Una tarea de una enorme complejidad, que requiere de una finezza política que no se percibe en absoluto. Por el contrario, el escenario facilita la emergencia de políticos que parecen disfrutar sembrando de nuevas minas el paisaje catalán. De manera destacada, y lo comentábamos hace una semana, es el caso de Carles Puigdemont, a quien la aritmética parlamentaria le ha dado la posibilidad de resurgir con toda fuerza.
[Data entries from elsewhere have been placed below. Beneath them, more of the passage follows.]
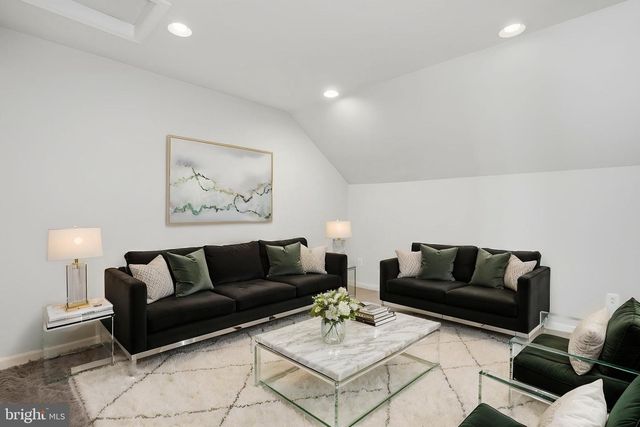 22322 FOUNDATION DR, Ashburn, VA 20148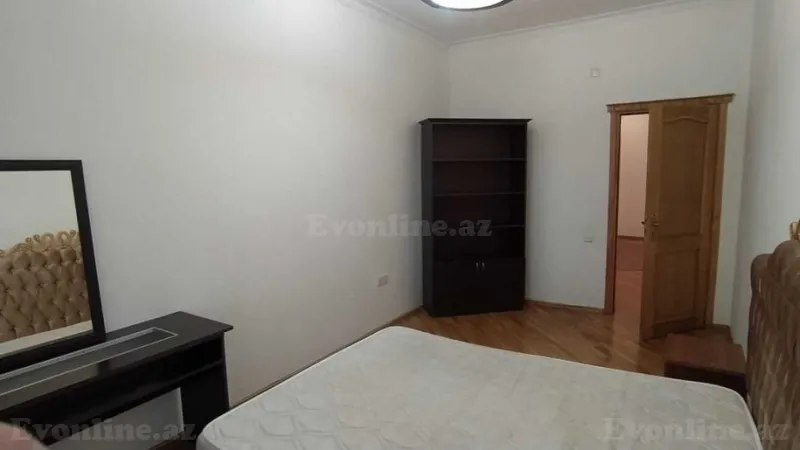Satılır 4 otaqlı Mənzil Yeni tikili 220 m² 28 May m. - şəkil 21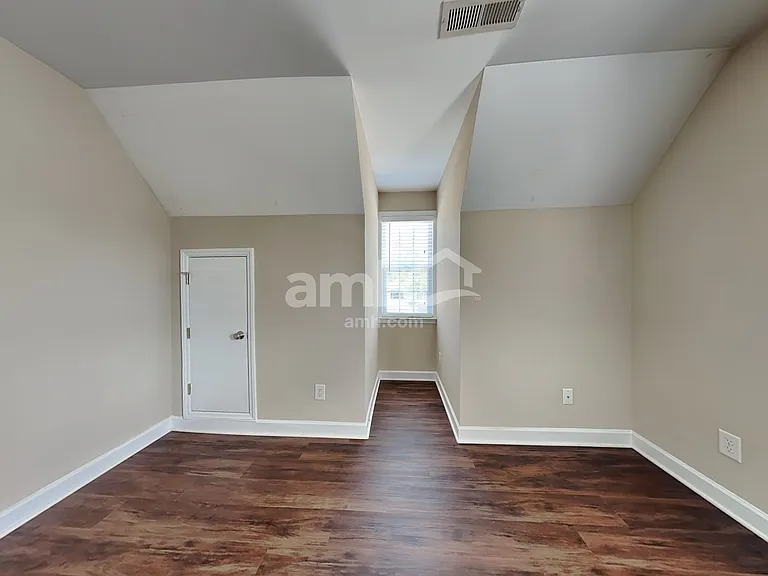 224 Brooks Edge Dr — Photo 14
De nuevo, lejos de defender los intereses generales de Cataluña y de negociar, con sentido de la mesura y la oportunidad, se muestra chulesco y pomposo, no ya para exigir la amnistía, sino que, dándola por descontada, va a por la autodeterminación y, si conviene, la unilateralidad.

La derecha, que andaba desorientada, no ha dejado pasar la oportunidad para rearmarse y, por ejemplo, este jueves, la presidenta madrileña afirmaba con todo convencimiento que “cuando uno de Extremadura, uno de Parla, uno de Móstoles se va a trabajar a Cataluña es un charnego y va a ser eternamente una persona de segunda por ser español y no querer renunciar a ello”. Una muestra extraordinaria de desconocimiento o de cinismo o de ambas cualidades al mismo tiempo.

Más allá de las apariencias, en el fondo Carles Puigdemont e Isabel Díaz Ayuso se parecen en mucho; así, en esa misma vacuidad y capacidad para fracturar, que los lleva, ahora, a enredar aún más el panorama. ¡Qué difícil lo tiene Cataluña!